*** RECORDS SHOWN Section Begins ***

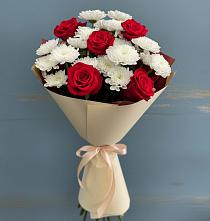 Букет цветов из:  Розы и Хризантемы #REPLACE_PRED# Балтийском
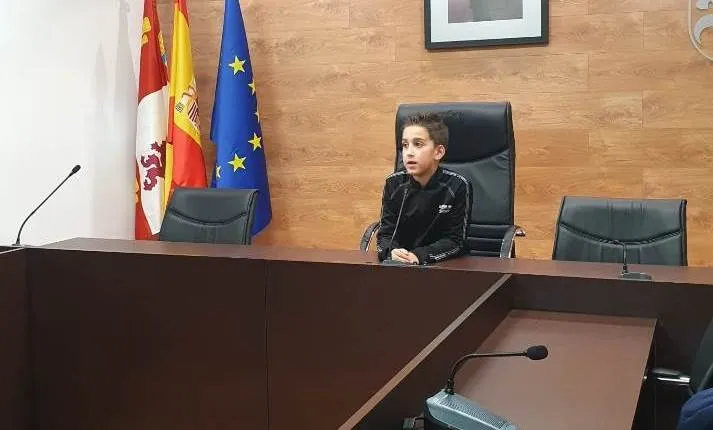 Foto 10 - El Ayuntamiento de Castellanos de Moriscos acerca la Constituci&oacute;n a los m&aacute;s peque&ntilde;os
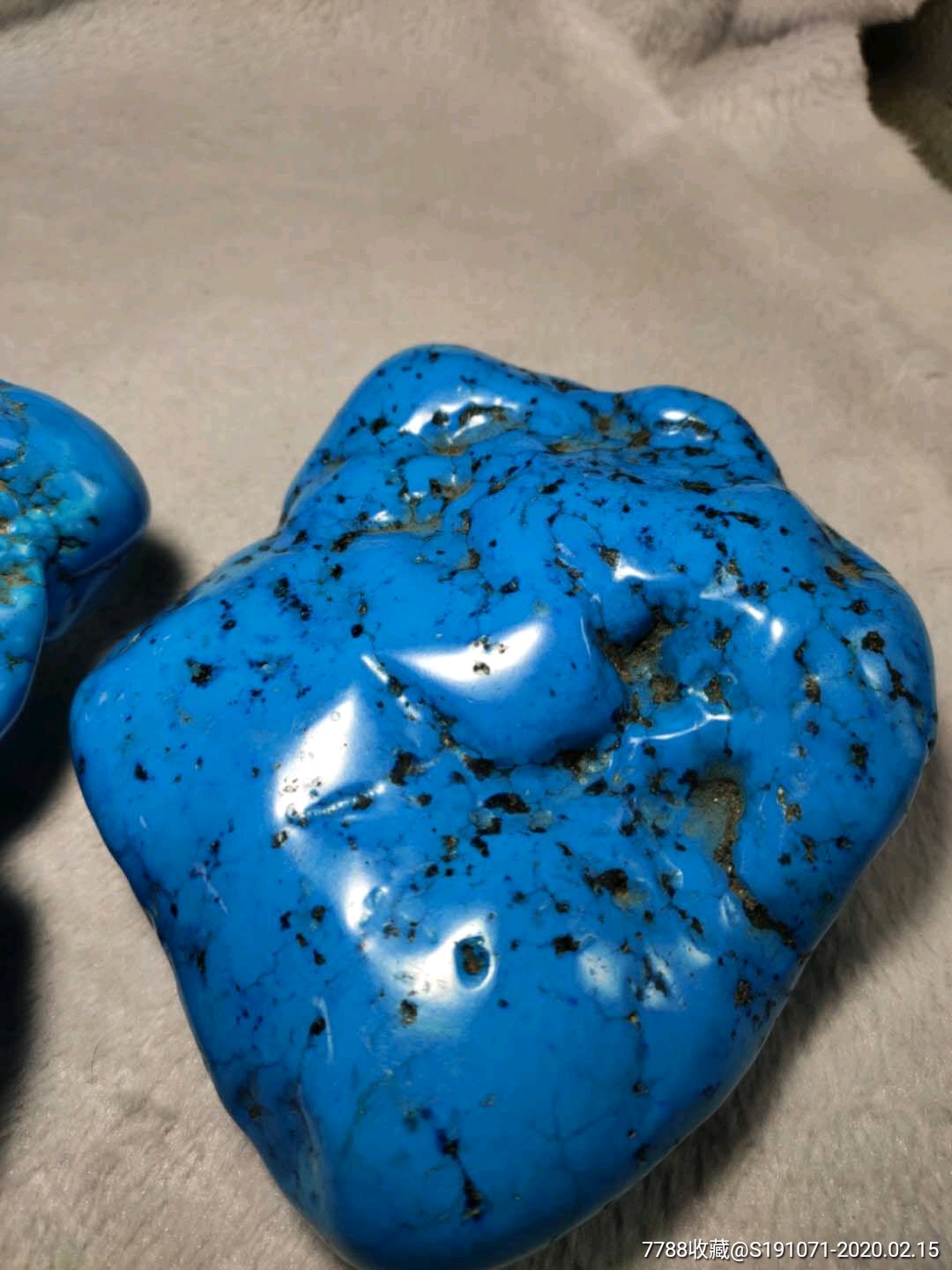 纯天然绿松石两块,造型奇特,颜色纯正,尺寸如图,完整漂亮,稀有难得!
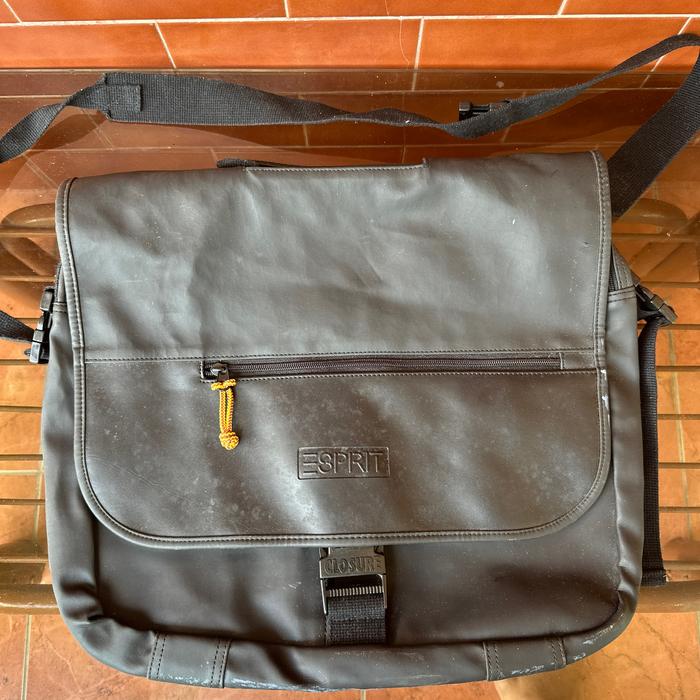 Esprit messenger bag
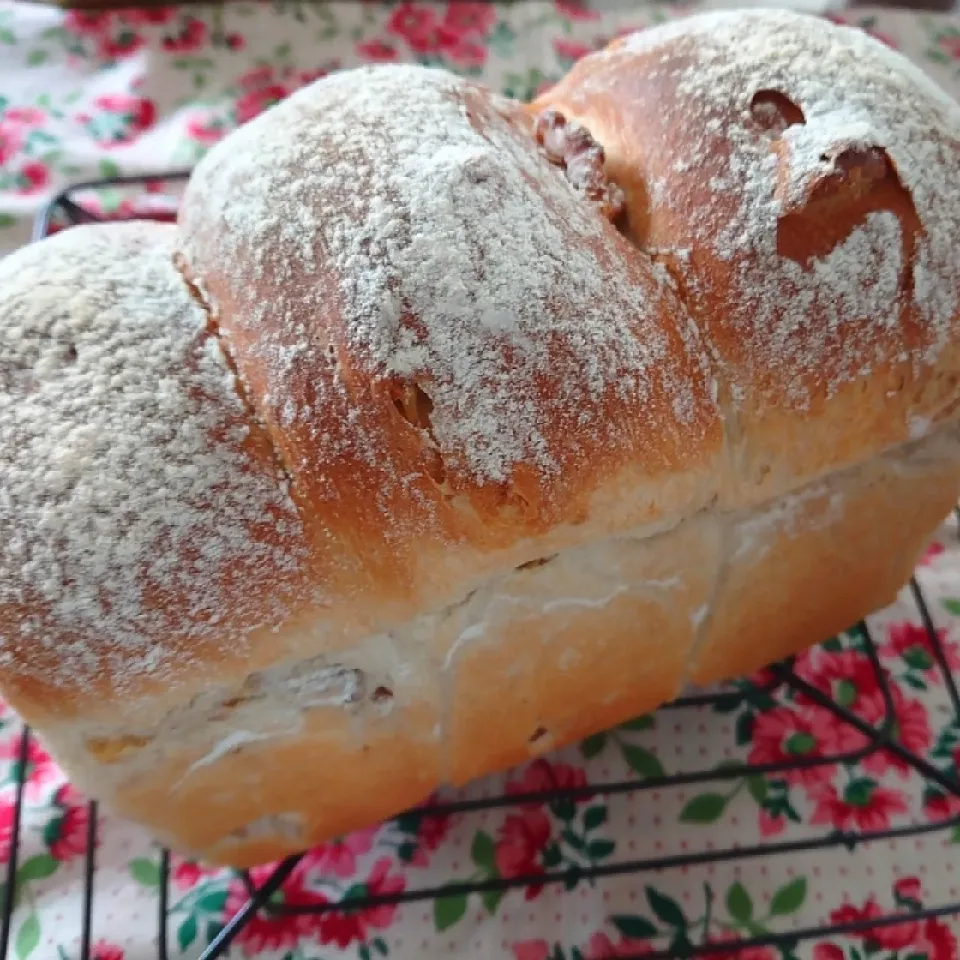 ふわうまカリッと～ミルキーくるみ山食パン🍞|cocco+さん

*** RECORDS SHOWN Section Ends ***

> TASK REQUIREMENTS
Return each of the lines exactly as they appear above, with no images.

> ANSWER FOR THIS EXERCISE
 Букет цветов из:  Розы и Хризантемы #REPLACE_PRED# Балтийском
 Foto 10 - El Ayuntamiento de Castellanos de Moriscos acerca la Constituci&oacute;n a los m&aacute;s peque&ntilde;os
 纯天然绿松石两块,造型奇特,颜色纯正,尺寸如图,完整漂亮,稀有难得!
 Esprit messenger bag
 ふわうまカリッと～ミルキーくるみ山食パン🍞|cocco+さん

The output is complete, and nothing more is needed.